In many cases as part of natural language processing, we need to perform text translation to apply some libraries that are common in English but are not available in other languages. This is the case for example of the sentiment analysis of tweets in Spanish using the classic Vader and TextBlob libraries in Python. In both cases, it´s necessary to pass the texts to English before apply the sentimental analysis and obtain the polarity of the feeling.
In most cases, it´s enough to translate into the desired language (in this case English) using the Basic Editing Cloud Translation API in Python and apply it to Vaden sentiment analysis. In the case of TextBlob, an internal translation can be done through the function “.translate(to=’en’)” that allows the translation to be performed at an intermediate point but that in the background uses the Google Cloud Translation API as well.
But when we develop analysis on bigger rows dataset, the Google Cloud Translation API introduces a limit of characters to be translated for free (including spaces) that is around 30,000 characters per day which would limit us to an analysis of for example 107 tweets a day.

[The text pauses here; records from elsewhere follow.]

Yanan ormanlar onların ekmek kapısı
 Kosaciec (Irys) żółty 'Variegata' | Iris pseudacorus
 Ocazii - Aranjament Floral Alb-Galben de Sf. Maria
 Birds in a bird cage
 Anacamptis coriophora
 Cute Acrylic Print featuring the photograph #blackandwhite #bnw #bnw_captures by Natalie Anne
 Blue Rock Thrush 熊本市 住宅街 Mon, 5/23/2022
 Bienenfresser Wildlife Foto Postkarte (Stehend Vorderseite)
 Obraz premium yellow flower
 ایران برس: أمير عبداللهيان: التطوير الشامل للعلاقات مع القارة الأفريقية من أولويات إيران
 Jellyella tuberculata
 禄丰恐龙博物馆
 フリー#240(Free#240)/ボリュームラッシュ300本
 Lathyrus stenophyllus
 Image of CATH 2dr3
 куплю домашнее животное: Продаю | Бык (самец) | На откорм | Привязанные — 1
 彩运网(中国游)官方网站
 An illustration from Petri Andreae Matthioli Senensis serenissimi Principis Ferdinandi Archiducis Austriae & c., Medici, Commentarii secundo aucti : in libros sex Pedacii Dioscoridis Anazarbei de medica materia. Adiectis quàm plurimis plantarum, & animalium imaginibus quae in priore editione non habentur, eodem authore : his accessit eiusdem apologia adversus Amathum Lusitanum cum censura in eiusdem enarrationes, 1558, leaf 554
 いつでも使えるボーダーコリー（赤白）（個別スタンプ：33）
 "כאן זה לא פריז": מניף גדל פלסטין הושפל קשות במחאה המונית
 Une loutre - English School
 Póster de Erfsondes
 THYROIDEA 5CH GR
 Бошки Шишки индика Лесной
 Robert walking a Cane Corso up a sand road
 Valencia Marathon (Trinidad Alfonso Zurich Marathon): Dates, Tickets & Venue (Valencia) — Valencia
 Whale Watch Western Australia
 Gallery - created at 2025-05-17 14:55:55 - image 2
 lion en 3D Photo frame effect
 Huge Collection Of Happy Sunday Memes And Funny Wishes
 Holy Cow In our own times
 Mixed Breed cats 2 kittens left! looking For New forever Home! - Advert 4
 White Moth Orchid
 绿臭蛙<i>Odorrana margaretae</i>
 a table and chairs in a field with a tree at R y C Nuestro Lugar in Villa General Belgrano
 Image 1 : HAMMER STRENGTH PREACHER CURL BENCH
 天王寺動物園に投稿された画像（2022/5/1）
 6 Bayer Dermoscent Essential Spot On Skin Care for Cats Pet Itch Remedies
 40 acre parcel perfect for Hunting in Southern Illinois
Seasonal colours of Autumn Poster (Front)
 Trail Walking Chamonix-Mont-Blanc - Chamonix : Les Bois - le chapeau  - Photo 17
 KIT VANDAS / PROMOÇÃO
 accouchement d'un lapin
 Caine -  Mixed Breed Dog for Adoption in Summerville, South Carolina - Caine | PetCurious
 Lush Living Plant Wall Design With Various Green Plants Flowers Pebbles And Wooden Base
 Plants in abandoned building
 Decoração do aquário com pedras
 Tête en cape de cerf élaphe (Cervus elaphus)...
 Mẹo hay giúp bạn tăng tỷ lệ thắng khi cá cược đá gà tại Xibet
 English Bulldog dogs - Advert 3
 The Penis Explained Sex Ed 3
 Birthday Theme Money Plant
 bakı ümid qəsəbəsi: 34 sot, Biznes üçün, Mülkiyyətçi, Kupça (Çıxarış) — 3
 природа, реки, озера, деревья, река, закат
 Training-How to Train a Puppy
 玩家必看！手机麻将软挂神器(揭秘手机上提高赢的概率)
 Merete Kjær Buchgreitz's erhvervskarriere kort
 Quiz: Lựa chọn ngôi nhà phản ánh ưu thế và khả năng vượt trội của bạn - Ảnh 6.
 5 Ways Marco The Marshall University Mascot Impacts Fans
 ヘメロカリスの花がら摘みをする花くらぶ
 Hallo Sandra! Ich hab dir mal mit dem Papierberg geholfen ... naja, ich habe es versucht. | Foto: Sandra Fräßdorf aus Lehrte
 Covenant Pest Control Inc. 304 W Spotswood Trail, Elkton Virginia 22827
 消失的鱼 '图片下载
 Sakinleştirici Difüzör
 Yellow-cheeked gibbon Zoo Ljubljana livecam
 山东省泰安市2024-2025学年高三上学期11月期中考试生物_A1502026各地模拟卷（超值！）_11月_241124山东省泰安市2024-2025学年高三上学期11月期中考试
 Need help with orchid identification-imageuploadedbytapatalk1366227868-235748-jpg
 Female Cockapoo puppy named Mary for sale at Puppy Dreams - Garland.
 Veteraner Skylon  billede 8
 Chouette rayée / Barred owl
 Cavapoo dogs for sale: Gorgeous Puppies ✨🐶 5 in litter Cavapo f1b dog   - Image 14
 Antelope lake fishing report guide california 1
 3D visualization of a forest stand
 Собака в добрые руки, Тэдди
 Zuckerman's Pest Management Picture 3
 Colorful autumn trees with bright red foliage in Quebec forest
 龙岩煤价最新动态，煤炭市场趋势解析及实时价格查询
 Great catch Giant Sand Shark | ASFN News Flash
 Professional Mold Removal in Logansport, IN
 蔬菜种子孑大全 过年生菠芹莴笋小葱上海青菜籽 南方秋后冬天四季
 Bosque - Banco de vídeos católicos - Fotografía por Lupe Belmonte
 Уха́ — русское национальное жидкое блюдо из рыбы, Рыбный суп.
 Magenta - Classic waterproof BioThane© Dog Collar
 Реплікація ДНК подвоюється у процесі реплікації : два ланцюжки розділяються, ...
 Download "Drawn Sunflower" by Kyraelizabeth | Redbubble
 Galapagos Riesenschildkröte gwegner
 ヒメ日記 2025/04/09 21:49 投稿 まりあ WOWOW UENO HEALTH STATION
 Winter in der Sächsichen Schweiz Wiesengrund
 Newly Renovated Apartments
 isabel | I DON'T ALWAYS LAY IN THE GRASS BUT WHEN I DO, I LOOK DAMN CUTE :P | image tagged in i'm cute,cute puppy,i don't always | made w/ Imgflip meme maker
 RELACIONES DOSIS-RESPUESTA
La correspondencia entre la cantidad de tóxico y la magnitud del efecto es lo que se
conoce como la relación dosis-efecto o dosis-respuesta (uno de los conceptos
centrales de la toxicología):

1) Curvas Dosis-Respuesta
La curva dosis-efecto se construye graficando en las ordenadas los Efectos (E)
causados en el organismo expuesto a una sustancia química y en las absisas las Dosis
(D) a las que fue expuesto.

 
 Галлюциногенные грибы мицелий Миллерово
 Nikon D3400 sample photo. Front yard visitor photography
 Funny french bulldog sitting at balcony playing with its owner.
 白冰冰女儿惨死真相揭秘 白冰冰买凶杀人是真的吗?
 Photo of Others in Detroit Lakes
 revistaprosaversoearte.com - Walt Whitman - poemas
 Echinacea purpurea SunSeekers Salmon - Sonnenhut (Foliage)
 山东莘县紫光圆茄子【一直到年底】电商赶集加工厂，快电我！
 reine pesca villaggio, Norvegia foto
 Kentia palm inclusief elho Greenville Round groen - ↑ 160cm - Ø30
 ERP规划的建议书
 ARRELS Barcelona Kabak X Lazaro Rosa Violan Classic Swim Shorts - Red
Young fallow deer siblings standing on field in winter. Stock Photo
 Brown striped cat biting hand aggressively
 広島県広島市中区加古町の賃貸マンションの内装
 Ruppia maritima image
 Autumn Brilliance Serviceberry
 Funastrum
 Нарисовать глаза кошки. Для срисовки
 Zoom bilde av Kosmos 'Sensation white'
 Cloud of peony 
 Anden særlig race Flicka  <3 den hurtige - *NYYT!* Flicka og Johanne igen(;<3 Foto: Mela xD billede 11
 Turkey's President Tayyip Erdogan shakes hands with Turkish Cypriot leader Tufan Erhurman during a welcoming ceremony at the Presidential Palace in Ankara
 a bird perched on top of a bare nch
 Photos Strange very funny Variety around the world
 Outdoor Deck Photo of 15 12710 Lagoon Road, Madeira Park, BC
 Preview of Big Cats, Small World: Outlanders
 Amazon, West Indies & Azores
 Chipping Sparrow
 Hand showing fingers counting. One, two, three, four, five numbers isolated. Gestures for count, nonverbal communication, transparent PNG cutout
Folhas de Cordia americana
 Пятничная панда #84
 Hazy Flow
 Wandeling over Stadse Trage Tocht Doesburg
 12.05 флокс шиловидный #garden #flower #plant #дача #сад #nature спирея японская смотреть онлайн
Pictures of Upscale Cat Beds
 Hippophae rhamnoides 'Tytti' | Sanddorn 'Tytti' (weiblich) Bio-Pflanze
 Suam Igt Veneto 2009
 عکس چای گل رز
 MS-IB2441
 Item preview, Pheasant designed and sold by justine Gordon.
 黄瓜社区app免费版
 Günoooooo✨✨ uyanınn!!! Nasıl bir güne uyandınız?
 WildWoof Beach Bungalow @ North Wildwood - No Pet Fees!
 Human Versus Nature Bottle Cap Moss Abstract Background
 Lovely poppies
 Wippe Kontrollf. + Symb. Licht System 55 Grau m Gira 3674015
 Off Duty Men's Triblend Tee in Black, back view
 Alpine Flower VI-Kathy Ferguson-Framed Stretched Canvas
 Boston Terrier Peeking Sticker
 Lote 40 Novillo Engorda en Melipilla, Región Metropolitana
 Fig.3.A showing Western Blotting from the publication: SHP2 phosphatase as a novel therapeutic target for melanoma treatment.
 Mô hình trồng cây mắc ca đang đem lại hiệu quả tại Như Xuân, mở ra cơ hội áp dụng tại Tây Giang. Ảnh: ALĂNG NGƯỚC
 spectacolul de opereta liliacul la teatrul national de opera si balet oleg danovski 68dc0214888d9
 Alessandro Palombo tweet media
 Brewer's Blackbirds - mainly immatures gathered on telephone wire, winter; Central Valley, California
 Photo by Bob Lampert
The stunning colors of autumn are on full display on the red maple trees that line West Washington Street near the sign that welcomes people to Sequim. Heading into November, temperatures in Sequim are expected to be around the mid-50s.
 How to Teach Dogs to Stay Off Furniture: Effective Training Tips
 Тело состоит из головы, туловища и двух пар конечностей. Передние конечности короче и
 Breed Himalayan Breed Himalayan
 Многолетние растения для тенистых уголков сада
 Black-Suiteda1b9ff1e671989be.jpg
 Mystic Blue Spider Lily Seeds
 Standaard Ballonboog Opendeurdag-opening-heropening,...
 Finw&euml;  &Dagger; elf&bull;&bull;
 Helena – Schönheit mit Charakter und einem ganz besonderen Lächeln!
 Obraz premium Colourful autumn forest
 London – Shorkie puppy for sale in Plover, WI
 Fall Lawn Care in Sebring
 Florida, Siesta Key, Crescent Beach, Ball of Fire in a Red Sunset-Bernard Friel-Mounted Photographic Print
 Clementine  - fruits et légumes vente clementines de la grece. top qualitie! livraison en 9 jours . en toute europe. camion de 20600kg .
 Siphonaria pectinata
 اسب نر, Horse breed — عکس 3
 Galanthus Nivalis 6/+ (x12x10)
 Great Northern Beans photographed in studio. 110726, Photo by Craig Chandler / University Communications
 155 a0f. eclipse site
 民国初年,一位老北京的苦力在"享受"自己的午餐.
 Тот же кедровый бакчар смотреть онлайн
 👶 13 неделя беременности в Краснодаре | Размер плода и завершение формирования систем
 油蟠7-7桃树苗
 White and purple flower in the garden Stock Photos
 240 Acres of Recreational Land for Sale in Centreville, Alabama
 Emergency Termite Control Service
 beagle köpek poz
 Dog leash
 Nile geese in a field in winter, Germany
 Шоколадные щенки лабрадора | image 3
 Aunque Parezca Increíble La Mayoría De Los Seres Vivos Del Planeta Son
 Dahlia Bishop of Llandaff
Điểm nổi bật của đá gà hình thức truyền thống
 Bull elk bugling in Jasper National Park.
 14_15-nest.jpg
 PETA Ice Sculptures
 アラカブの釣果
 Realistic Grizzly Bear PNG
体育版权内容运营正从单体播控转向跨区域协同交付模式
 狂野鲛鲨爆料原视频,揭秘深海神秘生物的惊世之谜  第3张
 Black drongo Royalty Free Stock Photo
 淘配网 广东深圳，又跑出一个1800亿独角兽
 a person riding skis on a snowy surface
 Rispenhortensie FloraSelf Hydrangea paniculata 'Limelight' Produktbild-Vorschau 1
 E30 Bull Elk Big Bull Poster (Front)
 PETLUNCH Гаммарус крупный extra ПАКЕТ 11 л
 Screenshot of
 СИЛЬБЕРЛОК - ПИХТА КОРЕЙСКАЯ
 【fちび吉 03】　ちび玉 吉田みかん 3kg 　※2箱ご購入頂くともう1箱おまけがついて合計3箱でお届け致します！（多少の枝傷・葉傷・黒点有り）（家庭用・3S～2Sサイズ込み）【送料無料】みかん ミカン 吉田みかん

This means that when we tried to analyze a dataset of 10,000 or 20,000 tweets, it would take more than 100 days to analyze the entire dataset….impossible to address with this strategy!! We need to perform this intermediate translation with other alternatives for Open Source projects that don´t have these limitations. In this context, the Yandex Translation API emerges as an alternative whereas the only limitation is the translation of maximum 10,000 characters or 10kb of the text size on each connection… more than enough to be able to translate a tweet into each of those connections.